======== Input

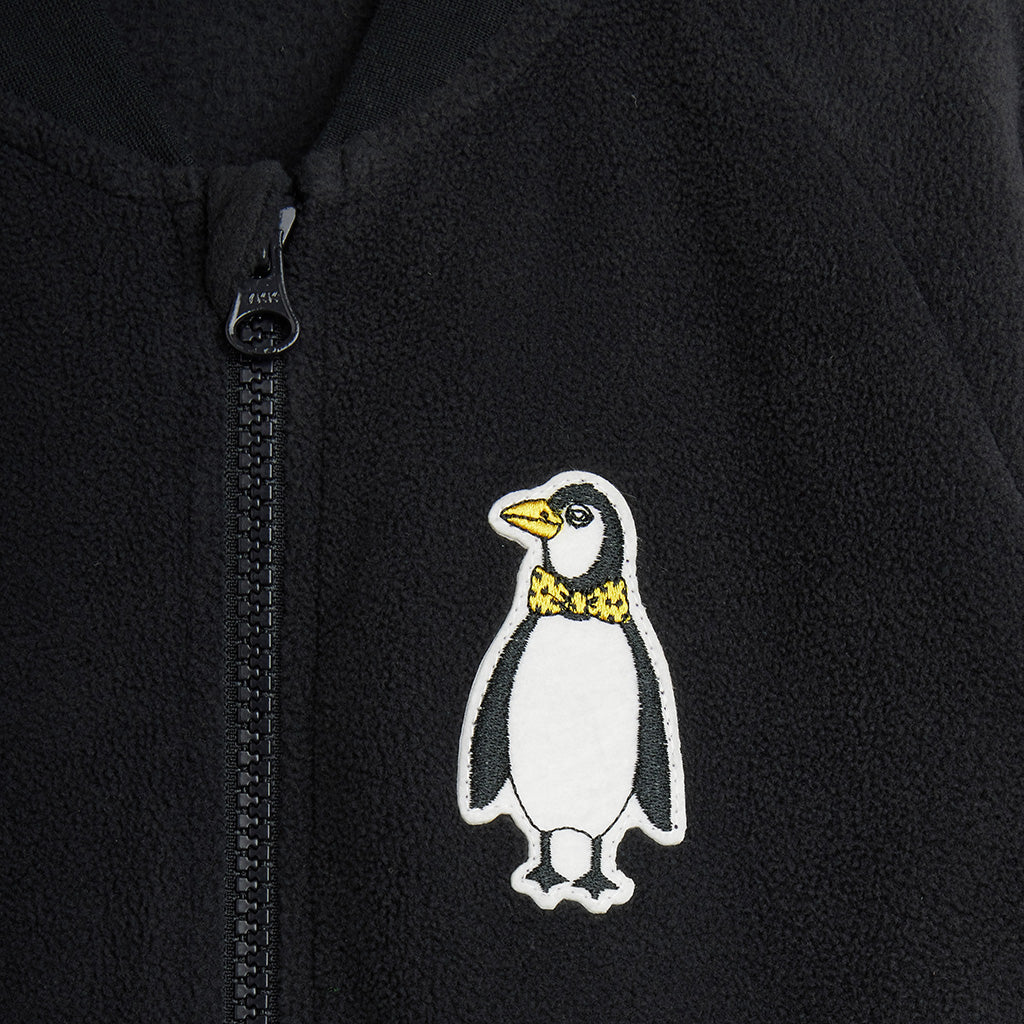 Mini Rodini Child Microfleece Jacket Penguin Embroidery Black
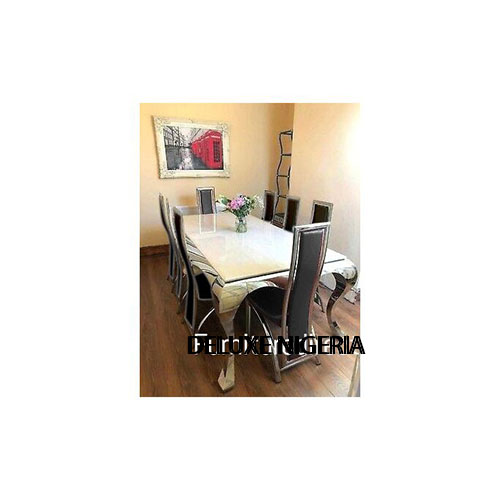 Marble Black Guane Dining Set Furniture + 8 Dinning Chairs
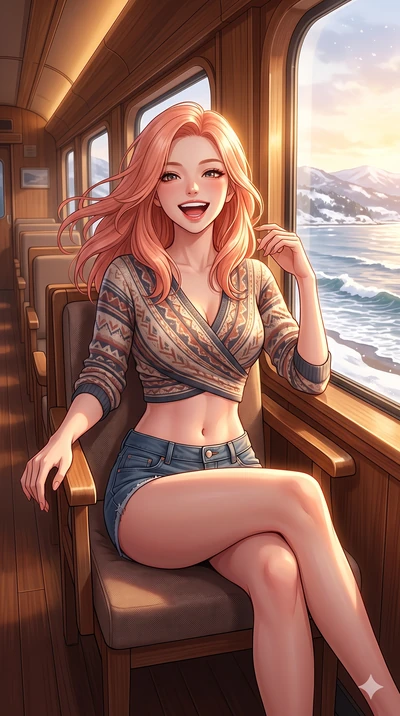 score_9, masterpiece, best quality, ultra-detailed, high-budget anime keyframe, vibrant anime aesthetic, Japanese woman. cowboy shot from the thighs up, character and outfit filling the frame for maximum presence. She is posing with a cheerful winter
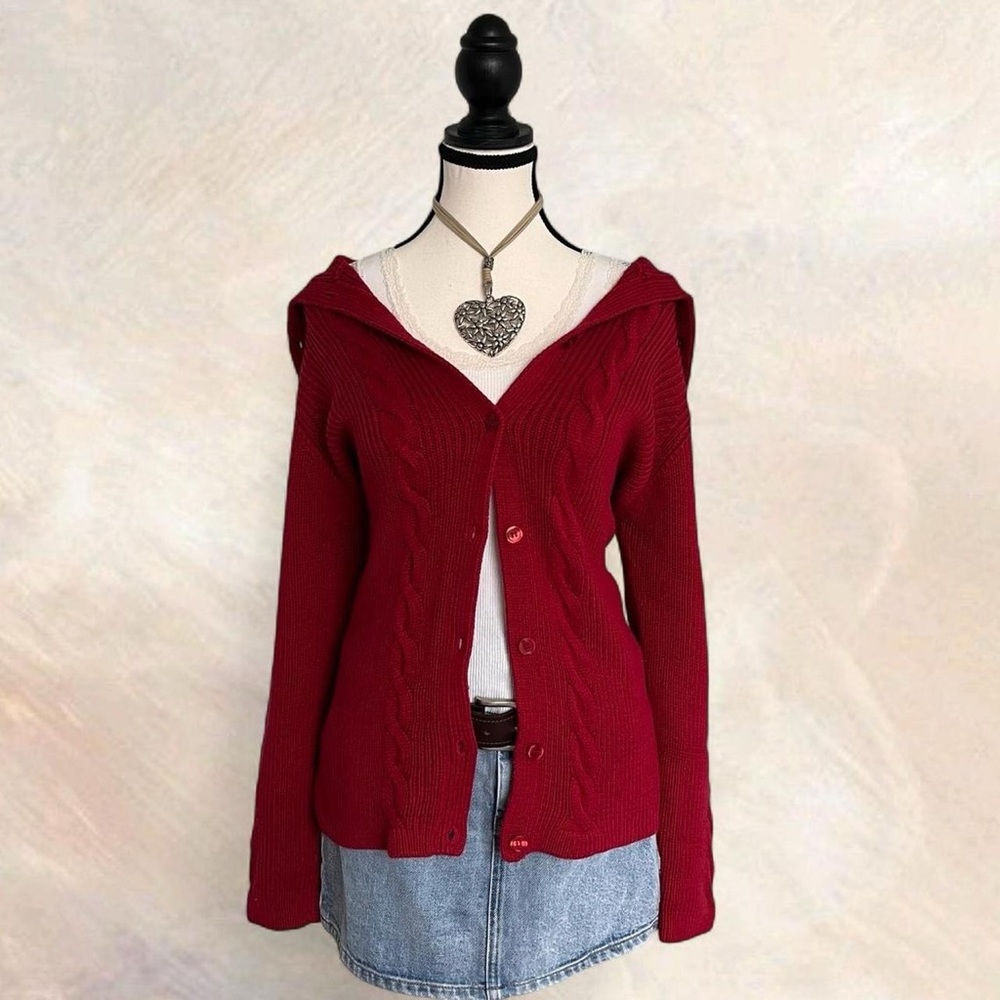 Studio Jax Red Knitted Cardigan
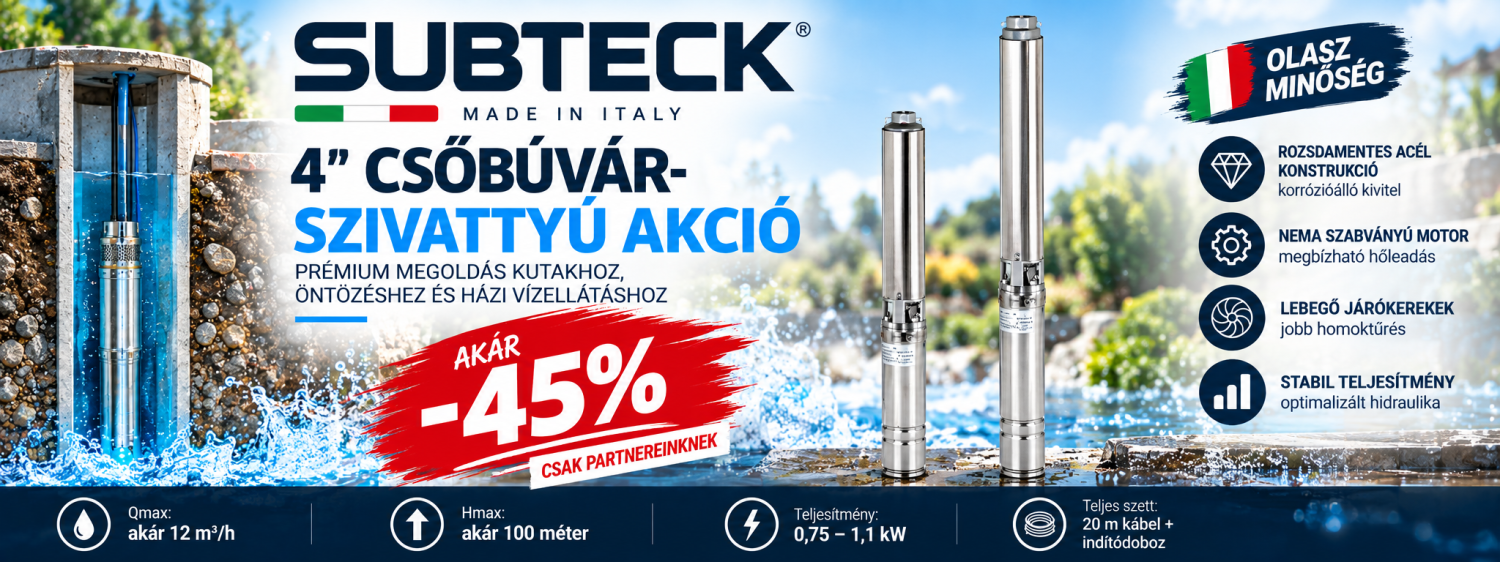 SUBTECK K4SDP csőbúvár-szivattyúk akció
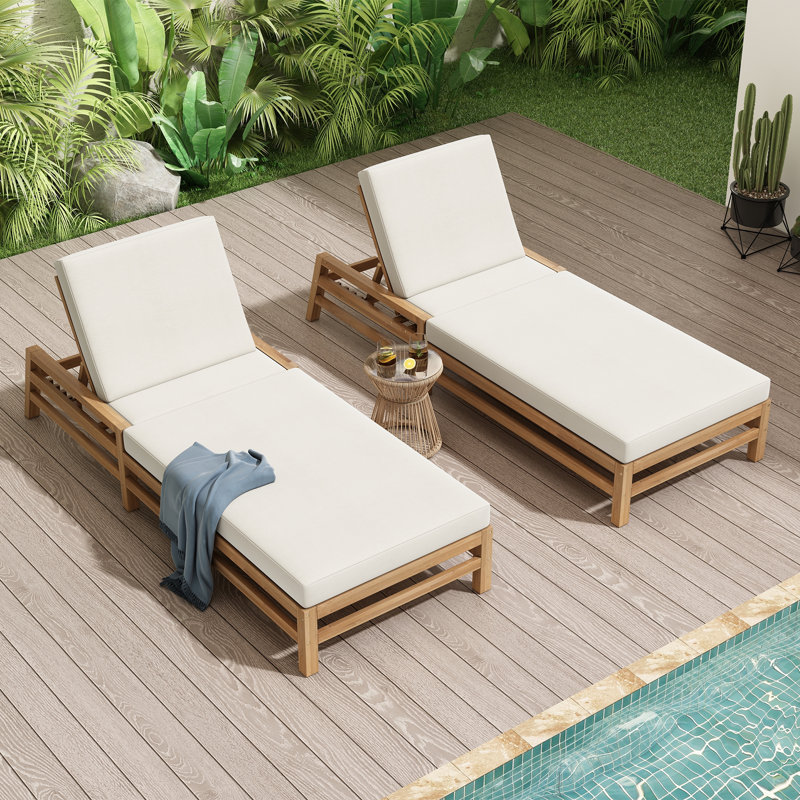 5-Position Adjustable Outdoor Chaise Lounge Set of 2, Solid Wood Patio Recliner Chair with Thick Cushions, Weather-Resistant for Pool, Balcony & Garden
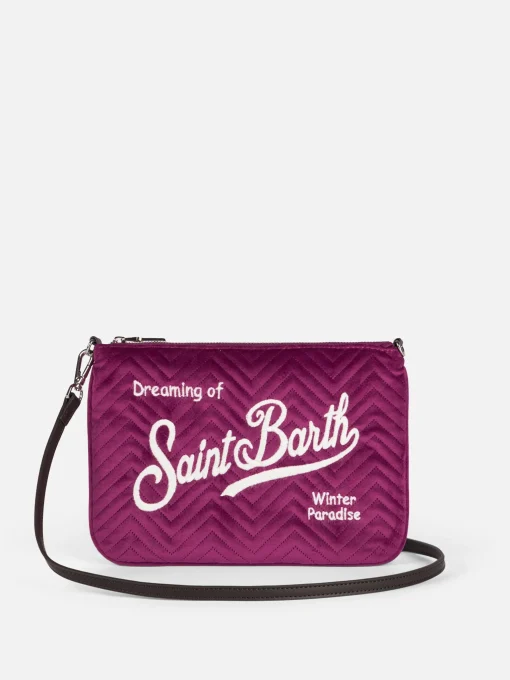 Pouch a tracolla Parisienne sherpa in velluto trapuntato fucsia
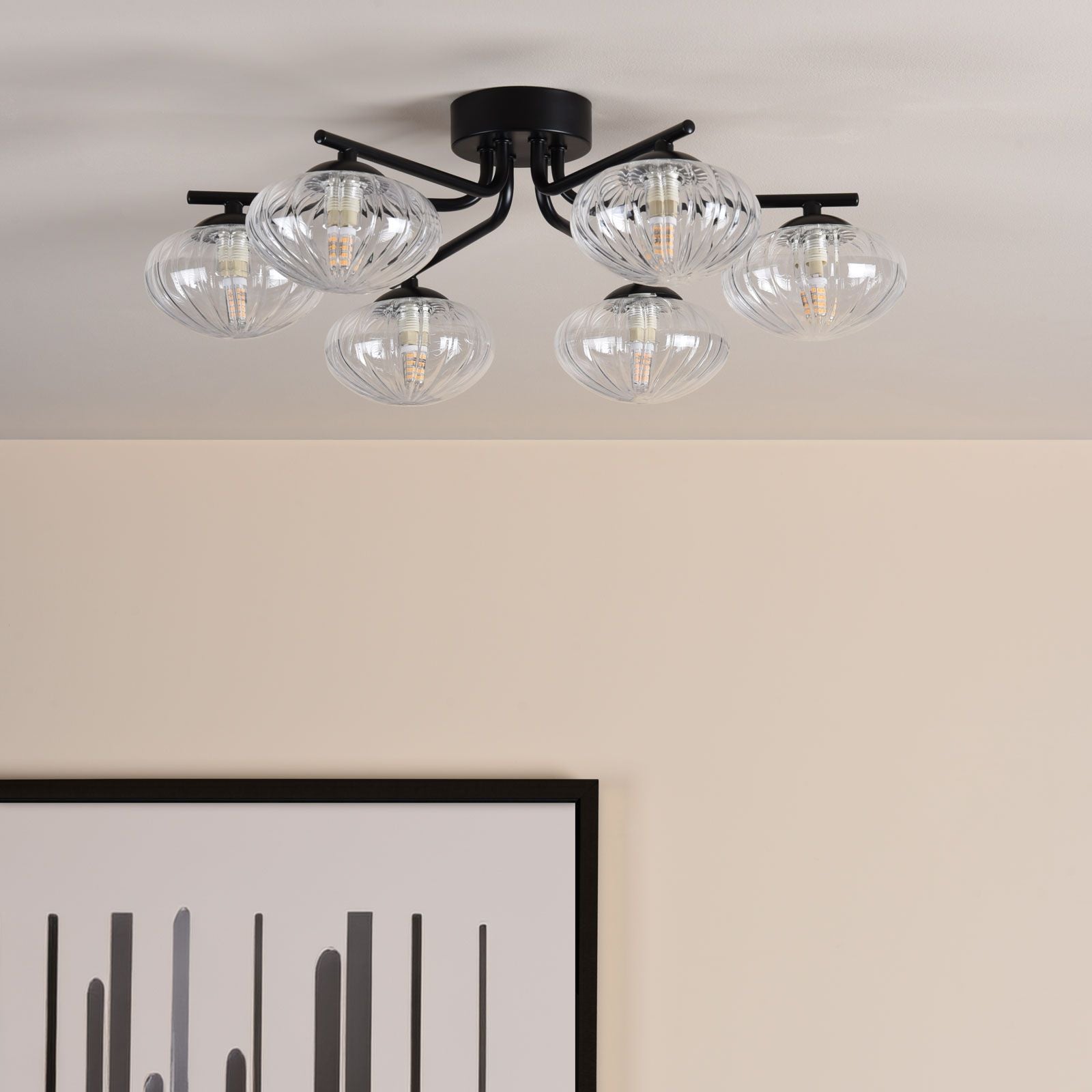Ede 6 Light Semi-Flush Matt Black and Glass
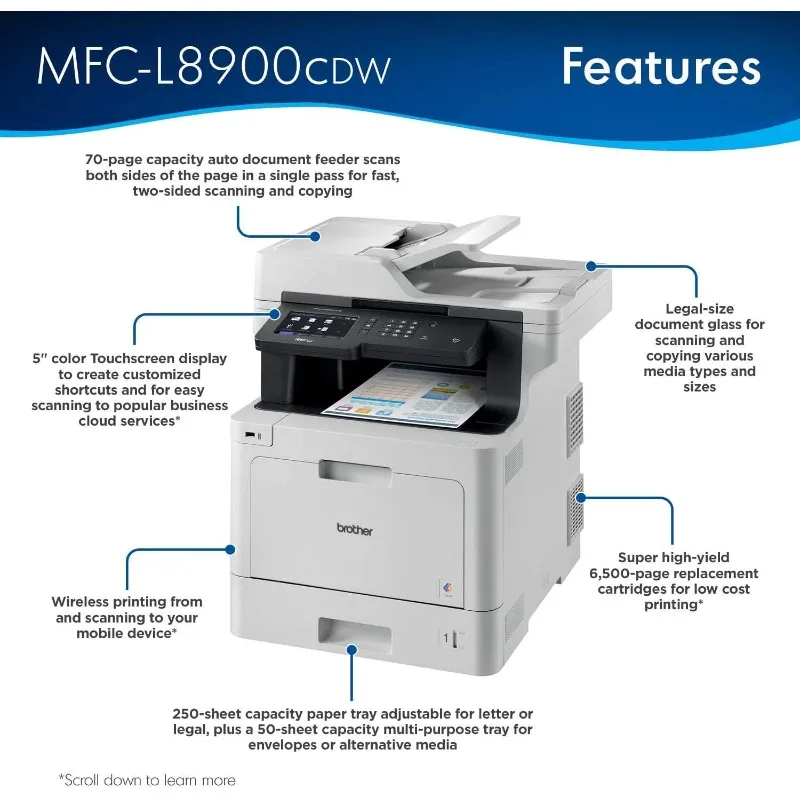POPULAR MFC-L8900CDW Business Color Laser All-in-One Printer, Dash Replenishment Ready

================

* What is required: Would you copy the lines above exactly, starting with the one that has "SUBTECK K4SDP csőbúvár-szivattyúk akció" and ending with the one that has "Ede 6 Light Semi-Flush Matt Black and Glass", both included, without the pictures?

* Exercise result:
 SUBTECK K4SDP csőbúvár-szivattyúk akció
 5-Position Adjustable Outdoor Chaise Lounge Set of 2, Solid Wood Patio Recliner Chair with Thick Cushions, Weather-Resistant for Pool, Balcony & Garden
 Pouch a tracolla Parisienne sherpa in velluto trapuntato fucsia
Ede 6 Light Semi-Flush Matt Black and Glass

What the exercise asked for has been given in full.